The perfect woman


In the interest of complexity, allow me to offer my account of why a perfect woman would be utterly undesirable.

Messes are bliss, for we call people good only because there are bad ones to contrast them with: This I take as something we can all agree on, but most certainly debate over. Suppose I constructed various series of Venn diagrams—each representing a woman I find compelling for whatever reasons—with the intention to see where they all intersect as a whole, so as to end up with a group of personal qualities that equal my perfect woman. Suppose that, one fine winter morning, I encountered this She (with a capital S). Much to my content, she’s into me, for this just happens to be a quality that the intersection caught. We have coffee ever more frequently, sharing the stories of our lives and then some. All gushy, my eyes meet yours and under the industrial North Building lights romanticism ensues. Now, what do you think happens next?

Soul-crushing normality, or an uninterrupted metaphorical (and literal) orgasm, that’s what. All the highs with no reminder that life has the tendency to not turn out how you expected.

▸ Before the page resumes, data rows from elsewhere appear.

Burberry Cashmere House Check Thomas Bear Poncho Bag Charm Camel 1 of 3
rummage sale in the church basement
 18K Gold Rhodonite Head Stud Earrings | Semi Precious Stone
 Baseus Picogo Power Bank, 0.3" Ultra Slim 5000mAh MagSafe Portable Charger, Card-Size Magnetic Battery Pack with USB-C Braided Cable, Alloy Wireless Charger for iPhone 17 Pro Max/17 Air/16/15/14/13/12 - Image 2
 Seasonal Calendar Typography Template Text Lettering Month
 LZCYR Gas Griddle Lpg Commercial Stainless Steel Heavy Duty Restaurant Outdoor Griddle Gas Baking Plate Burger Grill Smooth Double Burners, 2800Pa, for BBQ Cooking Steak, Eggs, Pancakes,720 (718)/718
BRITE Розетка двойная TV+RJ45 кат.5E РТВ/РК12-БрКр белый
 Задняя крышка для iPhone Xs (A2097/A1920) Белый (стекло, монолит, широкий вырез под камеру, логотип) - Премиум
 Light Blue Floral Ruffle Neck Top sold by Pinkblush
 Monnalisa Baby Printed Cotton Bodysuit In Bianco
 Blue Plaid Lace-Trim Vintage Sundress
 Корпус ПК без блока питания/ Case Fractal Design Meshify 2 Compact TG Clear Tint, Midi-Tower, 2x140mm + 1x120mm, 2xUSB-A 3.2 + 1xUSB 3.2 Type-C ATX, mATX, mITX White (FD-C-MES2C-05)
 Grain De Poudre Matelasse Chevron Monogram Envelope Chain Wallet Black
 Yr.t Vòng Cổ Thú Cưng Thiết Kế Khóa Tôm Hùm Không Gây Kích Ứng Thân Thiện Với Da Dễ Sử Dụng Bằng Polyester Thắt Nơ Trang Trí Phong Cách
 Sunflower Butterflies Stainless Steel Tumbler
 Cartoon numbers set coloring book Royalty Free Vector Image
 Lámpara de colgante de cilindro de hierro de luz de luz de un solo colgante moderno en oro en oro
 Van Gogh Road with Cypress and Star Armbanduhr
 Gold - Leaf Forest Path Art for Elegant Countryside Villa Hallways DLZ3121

Troubles are, in the end, a turn-on, not because fixer-uppers catalyze your creativity, but because working through troubles better prepares you for reality. And what is reality’s makeup? Well, it’s that making up stories is what helps us get by day to day. I don’t mean stories that you use pen and pad for, but stories in the sense of ideas that help you get up each morning and do things you probably don’t want to do deep down. These stories get the garbage picked up and the mail delivered, and they get you to follow through with the path you’ve chosen in life.

It is only by being confronted with problems, whether personal or not, that we are able to make up the appropriate stories to solve them.